This view, however well-intentioned, neglects the full American story. We cannot negate or excuse the horror of slavery. As Abraham Lincoln said, “If slavery is not wrong, nothing is wrong.” While every country has ugly parts of its past, America has the special burden of race-based slavery, segregation and discrimination. This can be hard to hear, but it needs to be said.
Yet while American history is hard, it is also hopeful. At its core, the story of America is the struggle to live up to our founding principles proclaimed in the Declaration of Independence. That all human beings — regardless of color — “are created equal”; that they are all “endowed by their Creator with certain unalienable rights”; that they all deserve to have those rights protected equally by the law. If American history were essentially the story of white privilege and systemic racism, no patriotic American would have opposed slavery or segregation.
But they did. Although he grew up in a slaveholding society and held slaves himself, George Washington realized during the Revolutionary War that slavery was wrong and eventually in his will freed his slaves after his death.
In his fight against slavery, Lincoln looked to the principles of our founders like Washington. During the Civil War in 1863, Lincoln reminded his fellow Americans that “four score and seven years ago, our fathers brought forth on this continent, a new nation, conceived in Liberty and dedicated to the proposition that all men are created equal.”

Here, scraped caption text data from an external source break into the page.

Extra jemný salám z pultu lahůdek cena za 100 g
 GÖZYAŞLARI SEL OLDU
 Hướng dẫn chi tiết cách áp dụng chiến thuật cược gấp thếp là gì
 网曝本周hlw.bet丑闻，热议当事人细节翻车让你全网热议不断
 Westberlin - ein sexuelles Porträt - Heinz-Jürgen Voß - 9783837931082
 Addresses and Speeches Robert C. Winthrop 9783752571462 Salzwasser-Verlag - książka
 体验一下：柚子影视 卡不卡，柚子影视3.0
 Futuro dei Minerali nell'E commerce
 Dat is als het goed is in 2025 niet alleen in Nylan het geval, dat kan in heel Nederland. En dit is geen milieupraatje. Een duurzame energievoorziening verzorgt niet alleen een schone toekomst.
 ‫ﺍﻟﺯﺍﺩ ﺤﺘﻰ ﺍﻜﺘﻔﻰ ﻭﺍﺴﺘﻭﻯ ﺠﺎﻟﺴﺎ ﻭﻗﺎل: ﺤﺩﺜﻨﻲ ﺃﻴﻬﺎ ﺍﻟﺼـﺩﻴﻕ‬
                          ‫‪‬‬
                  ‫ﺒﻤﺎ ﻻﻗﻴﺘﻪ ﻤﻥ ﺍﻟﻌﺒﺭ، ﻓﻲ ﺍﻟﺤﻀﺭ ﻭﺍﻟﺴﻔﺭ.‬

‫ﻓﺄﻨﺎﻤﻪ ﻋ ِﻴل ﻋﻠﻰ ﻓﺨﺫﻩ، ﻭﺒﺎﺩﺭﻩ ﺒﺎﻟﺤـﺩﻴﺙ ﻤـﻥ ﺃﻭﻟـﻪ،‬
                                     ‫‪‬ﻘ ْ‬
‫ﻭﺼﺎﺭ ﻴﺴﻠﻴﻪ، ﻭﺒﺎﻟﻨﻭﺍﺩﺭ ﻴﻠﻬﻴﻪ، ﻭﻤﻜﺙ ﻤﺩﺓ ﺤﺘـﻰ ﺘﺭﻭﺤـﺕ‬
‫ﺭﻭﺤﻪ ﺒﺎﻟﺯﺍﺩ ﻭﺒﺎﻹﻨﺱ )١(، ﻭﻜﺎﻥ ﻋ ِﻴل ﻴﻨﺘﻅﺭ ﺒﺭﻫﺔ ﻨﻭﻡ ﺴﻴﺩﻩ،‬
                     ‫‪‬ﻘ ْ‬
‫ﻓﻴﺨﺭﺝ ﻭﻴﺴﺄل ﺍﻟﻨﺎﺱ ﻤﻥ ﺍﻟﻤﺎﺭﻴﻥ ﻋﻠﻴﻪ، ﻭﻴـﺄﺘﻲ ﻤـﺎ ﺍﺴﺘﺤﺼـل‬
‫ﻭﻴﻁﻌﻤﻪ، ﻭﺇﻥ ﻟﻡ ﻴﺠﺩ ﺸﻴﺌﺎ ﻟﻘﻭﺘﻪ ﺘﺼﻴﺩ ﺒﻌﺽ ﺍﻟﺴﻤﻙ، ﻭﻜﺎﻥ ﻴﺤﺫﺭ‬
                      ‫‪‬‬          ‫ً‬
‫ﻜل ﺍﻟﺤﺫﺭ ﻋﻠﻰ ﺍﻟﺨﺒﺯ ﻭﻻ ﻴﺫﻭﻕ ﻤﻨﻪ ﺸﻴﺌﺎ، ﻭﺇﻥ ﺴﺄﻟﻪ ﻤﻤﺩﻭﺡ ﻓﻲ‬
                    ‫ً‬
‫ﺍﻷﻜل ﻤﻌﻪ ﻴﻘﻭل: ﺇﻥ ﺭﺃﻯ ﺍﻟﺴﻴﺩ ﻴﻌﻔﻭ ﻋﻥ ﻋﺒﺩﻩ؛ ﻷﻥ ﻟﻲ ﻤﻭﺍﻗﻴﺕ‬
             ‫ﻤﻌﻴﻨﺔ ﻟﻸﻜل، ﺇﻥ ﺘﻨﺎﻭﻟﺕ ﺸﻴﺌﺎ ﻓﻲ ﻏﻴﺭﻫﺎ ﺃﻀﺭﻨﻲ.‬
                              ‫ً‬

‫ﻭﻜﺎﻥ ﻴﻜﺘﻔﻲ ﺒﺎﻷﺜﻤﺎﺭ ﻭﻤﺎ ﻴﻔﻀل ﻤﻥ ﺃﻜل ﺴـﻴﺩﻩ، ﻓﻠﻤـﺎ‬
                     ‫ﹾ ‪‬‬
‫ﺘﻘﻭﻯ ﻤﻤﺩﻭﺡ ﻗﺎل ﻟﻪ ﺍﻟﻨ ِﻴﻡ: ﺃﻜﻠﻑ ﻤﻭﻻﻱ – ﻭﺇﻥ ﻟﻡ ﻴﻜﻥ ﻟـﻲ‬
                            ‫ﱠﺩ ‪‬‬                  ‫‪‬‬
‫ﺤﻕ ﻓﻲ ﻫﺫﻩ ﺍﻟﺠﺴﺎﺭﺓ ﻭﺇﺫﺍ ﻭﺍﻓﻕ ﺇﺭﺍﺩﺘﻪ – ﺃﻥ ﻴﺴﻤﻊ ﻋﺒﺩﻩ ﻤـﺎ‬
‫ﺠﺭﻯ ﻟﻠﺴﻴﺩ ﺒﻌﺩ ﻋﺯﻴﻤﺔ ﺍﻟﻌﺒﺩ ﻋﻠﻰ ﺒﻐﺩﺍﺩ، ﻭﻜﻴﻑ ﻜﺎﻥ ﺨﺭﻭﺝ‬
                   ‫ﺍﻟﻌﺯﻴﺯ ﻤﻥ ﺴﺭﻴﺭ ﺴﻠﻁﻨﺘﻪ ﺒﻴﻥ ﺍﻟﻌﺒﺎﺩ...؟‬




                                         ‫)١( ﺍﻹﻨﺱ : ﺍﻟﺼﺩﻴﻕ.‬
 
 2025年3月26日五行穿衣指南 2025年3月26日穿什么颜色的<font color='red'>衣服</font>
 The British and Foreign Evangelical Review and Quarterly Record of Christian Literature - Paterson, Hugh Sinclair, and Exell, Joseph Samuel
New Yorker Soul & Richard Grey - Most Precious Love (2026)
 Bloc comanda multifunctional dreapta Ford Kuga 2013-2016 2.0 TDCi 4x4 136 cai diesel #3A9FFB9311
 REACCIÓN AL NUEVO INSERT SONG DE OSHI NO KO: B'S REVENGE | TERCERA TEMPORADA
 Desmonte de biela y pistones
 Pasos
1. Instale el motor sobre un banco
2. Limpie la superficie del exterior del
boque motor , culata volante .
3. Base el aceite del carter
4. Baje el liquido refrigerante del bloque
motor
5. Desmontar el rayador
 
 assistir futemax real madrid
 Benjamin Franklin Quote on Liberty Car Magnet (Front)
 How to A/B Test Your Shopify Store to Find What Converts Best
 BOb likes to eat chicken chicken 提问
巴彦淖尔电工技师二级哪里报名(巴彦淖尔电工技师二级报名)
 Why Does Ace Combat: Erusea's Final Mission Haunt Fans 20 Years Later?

That same year, the great Black abolitionist Frederick Douglass — himself born into slavery in Talbot County, Maryland — echoed Lincoln’s sentiments, declaring that “the Federal government was never, in its essence, anything but an anti-slavery government. If in its origin slavery had any relation to the government, it was only as the scaffolding to the magnificent structure, to be removed as soon as the building was completed. There is in the Constitution no East, no West, no North, no South, no black, no white, no slave, no slaveholder; but all are citizens who are of American birth.” In fact, Douglass boldly proclaimed that “there is no Negro problem. The problem is whether the American people have loyalty enough, honor enough, patriotism enough, to live up to their own Constitution.”
Later reformers followed in that tradition. In 1963, Martin Luther King Jr. said that “when the architects of our republic wrote the magnificent words of the Constitution and the Declaration of Independence, they were signing a promissory note to which every American was to fall heir. This note was a promise that all men, yes, black men as well as white men, would be guaranteed the unalienable rights of life, liberty and the pursuit of happiness.”
Rather than cancel history classes, we need to increase our teaching of history, and improve the content and quality of that teaching. Let students discover the truth about America for themselves. To accomplish this, schools need to turn away from textbooks, which are boring or biased — or both. Schools need to bring American history alive by going back to the primary sources themselves. If students read the words of Lincoln, Douglass and King (and those who opposed them), they can enter the world of those who lived the American story and understand the struggle for freedom.
If we cancel American history classes, students will never understand or learn from that story. If we teach young people that America’s past is fundamentally defined by white supremacy and systemic racism — if our history is, at its core, one of ugliness and oppression — they will never feel part of this country or be inspired by our struggle for freedom.
They will never know the hard but hopeful story of America.